[INSTRUCTIONS TO FOLLOW]:
Restate word for word the material below, starting at the line that contains "Vaihingen/Enz Nord Lok" and stopping after the last line; skip pictures.

═══ INPUT DATA ═══

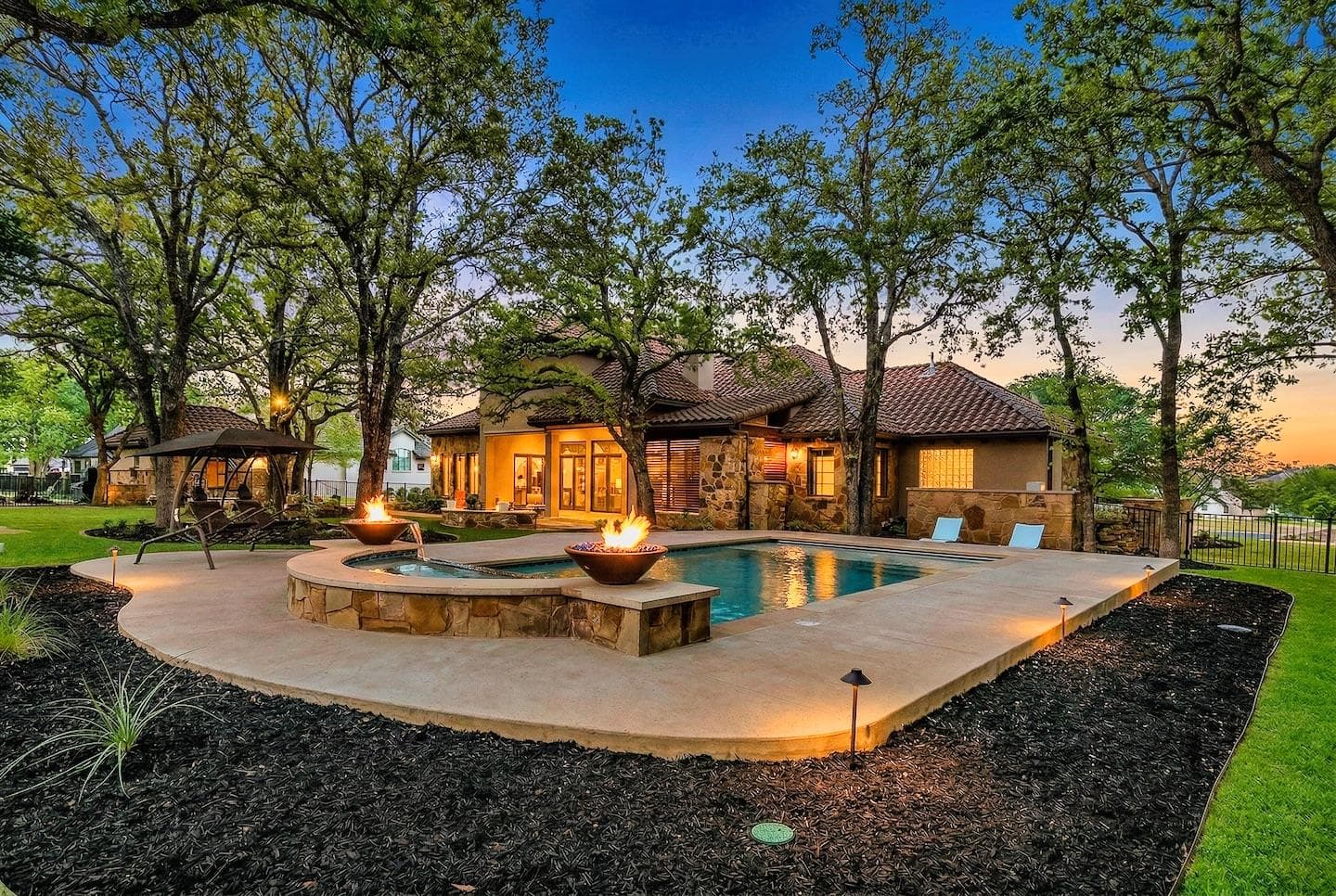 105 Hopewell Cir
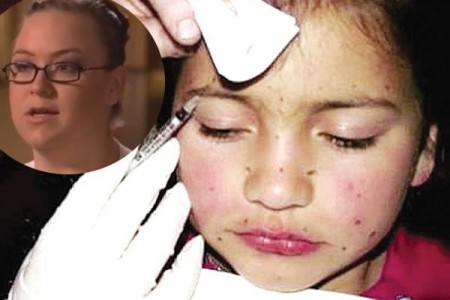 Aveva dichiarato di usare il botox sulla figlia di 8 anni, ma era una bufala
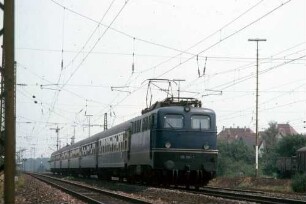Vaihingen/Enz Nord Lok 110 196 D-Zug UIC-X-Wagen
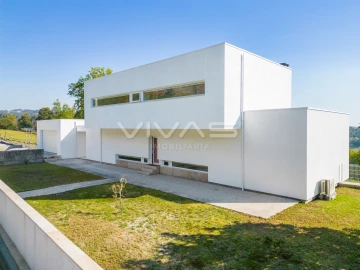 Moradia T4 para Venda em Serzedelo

═══

[SOLUTION BELOW]:
Vaihingen/Enz Nord Lok 110 196 D-Zug UIC-X-Wagen
 Moradia T4 para Venda em Serzedelo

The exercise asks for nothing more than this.